Zealot in Hebrew is kanahi, but the word is Greek. The term initially was meant to describe a certain sect of Jewish people in the first century CE that had political power and attempted to overthrow control of their people by the Romans. This was especially important in regard to control of Israel, since this was considered to be the seat of Jewish power and their rightful heritage, as passed down by King David.
The zealot in the oldest sense applied to many people, who were considered a sect of Judaism. They were first led in the Common Era by Judas of Galilee, who held to the idea that Roman rule was incompatible with Jewish freedom, and that the Jews should be free of Roman control. This culminated, eventually in an actual revolt, the Great Jewish Revolt. Zealots, especially those in the Iudaea Province, captured Jerusalem and were able to hold it until 70 CE. Rome eventually retook Jerusalem, leading to the destruction of the Second Temple.
It can’t be questioned that the zealots used violence in an attempt to gain freedom. Violent acts were met with violent acts by Rome, and further oppression of the Jews. Still, remnants of these ideas exist, and many see a specific zealot group, the sicarii as the first religious terrorists. The sicarii were trained assassins, meant to spread fear and discord among the Romans, in the hopes that they would gain control of Israel and their freedom.
There are specific indications in the Mishnah that the activities of the zealot were not approved, and that zealots were likely damned. The Talmud also refers to a zealot as “wild,” and speaks against their aggressive acts. Zealots advocated killing Jews who went along with Rome’s policies, which won them great criticism among the other sects of Judaism.

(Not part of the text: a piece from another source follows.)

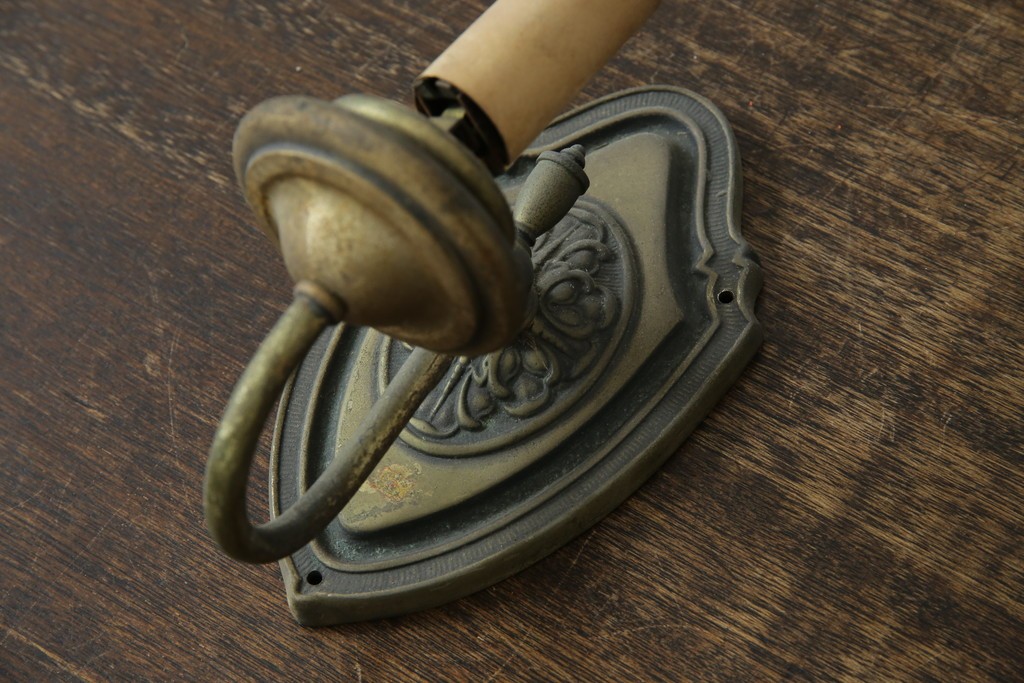 アメリカヴィンテージ　クラシカルな蝋燭型のウォールライト　(R-086191)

Today, the term zealot is applied often to people so overcome with religious fervor that they act in ways harmful to others. Having religious zeal is not a bad thing, but when it is combined with actions that hurt others, it is zealotry at its worst. The zealots of the first century were not long thinking in their actions and, overcome by their beliefs, they acted in ways that did not best serve their Jewish community and resulted in significant anti-Jewish sentiment and tougher laws for all Jews. Their cry for freedom was muted by their acts of terrorism.